%%
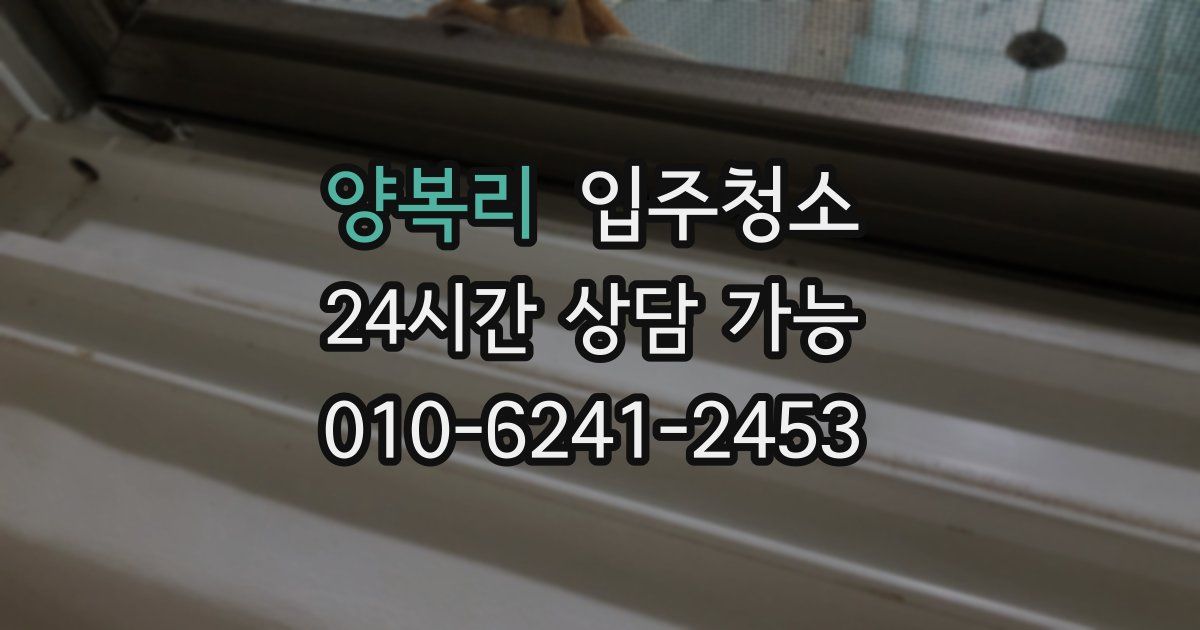 양복리 입주청소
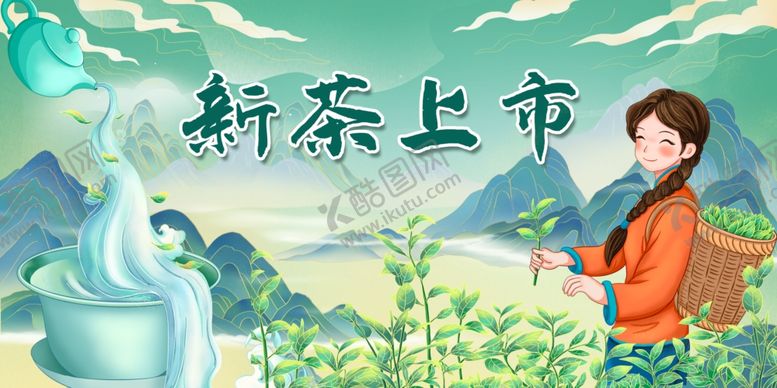 编号：34027501290548037944【酷图网】源文件下载-茶叶海报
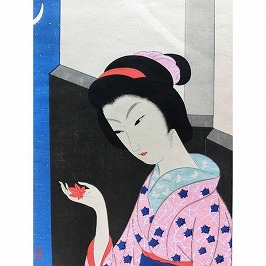 もみじ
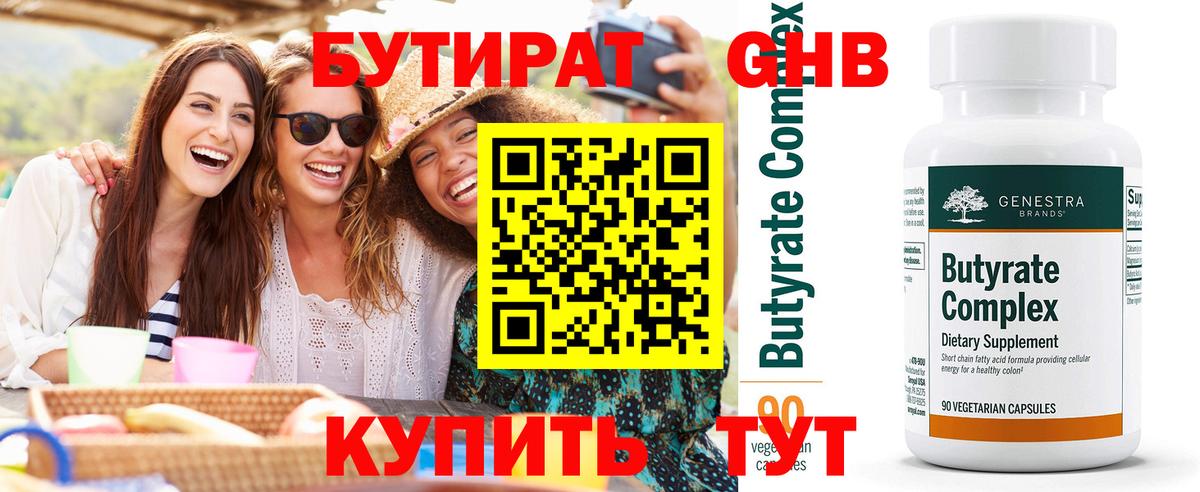 БУТИРАТ жидкий экстази  Бутират  Камень-на-Оби  Вход с VPN 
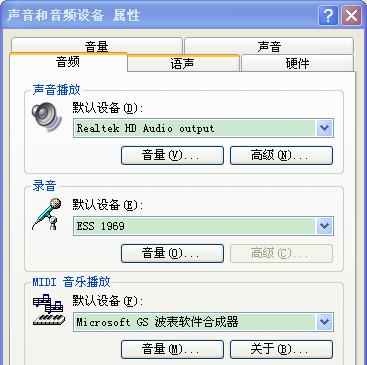 笔记本电脑无声音问题的解决方法（让你的笔记本电脑重新发声）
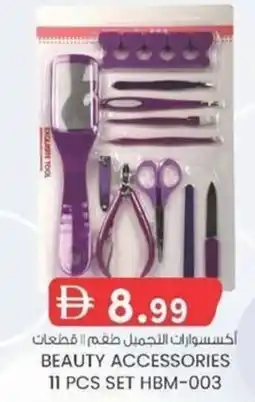 KM Trading Beauty accessories set hbm-003 offer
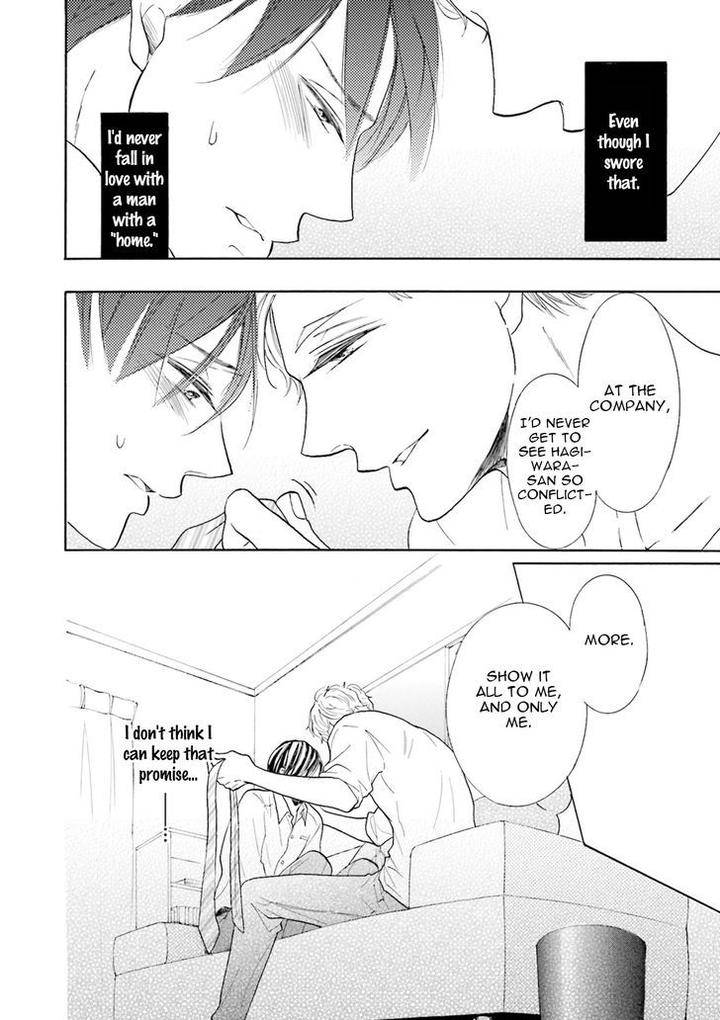 Ookami-Papa-Wa-Hitsuji-Tsura-Shite-Yatte-Kuru-Kurusu-Haiji-Eng page 38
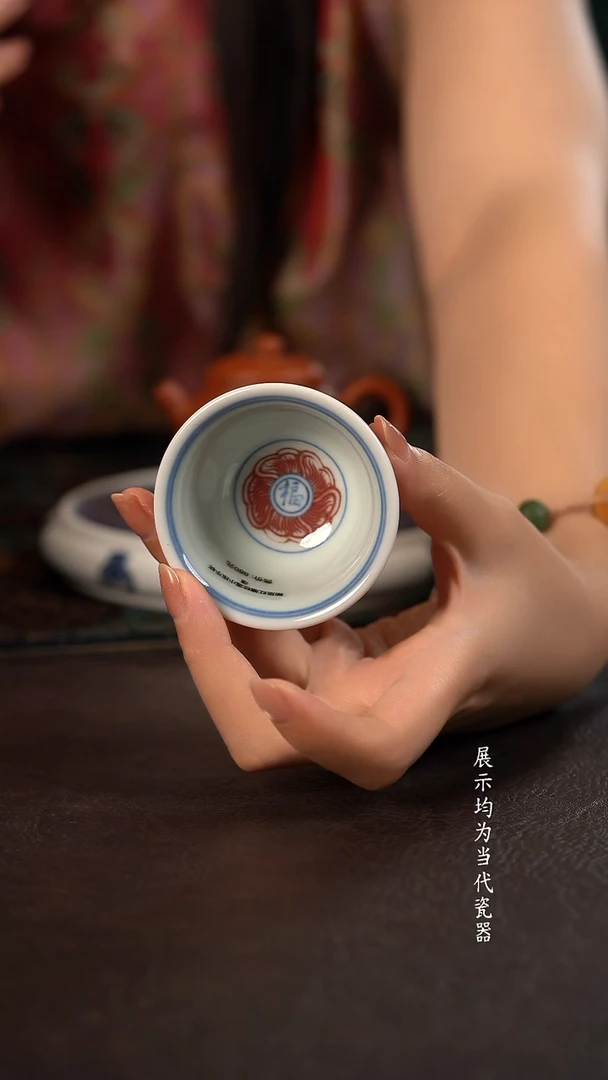 研山琢器釉里红缠枝莲小压手杯 福字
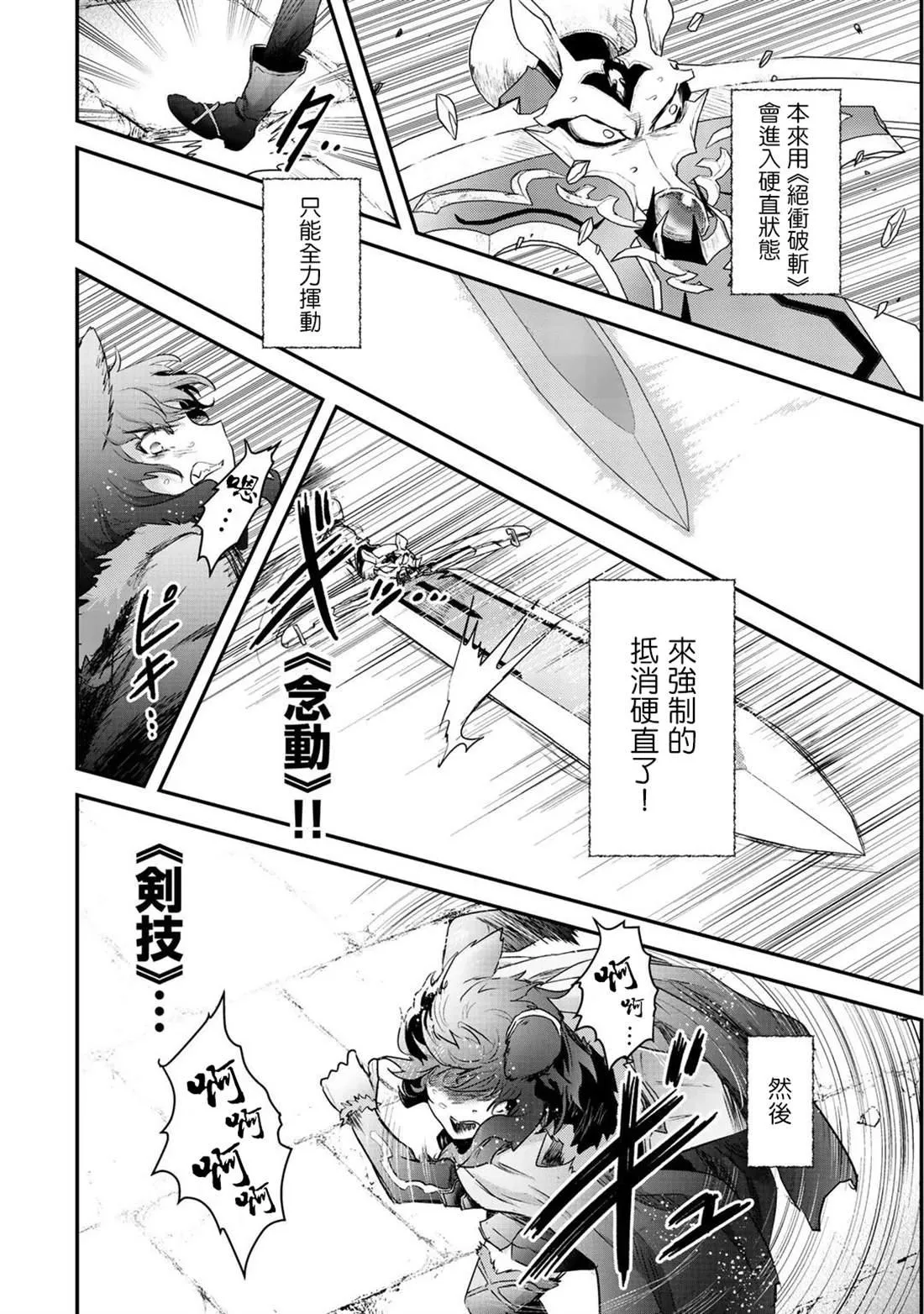 第35话 第4页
%%
Instructions for the task>
What's needed here is an exact repeat of all the records above, pictures excluded.

Task result>
 양복리 입주청소
 编号：34027501290548037944【酷图网】源文件下载-茶叶海报
 もみじ
 БУТИРАТ жидкий экстази  Бутират  Камень-на-Оби  Вход с VPN 
 笔记本电脑无声音问题的解决方法（让你的笔记本电脑重新发声）
 KM Trading Beauty accessories set hbm-003 offer
 Ookami-Papa-Wa-Hitsuji-Tsura-Shite-Yatte-Kuru-Kurusu-Haiji-Eng page 38
 研山琢器釉里红缠枝莲小压手杯 福字
 第35话 第4页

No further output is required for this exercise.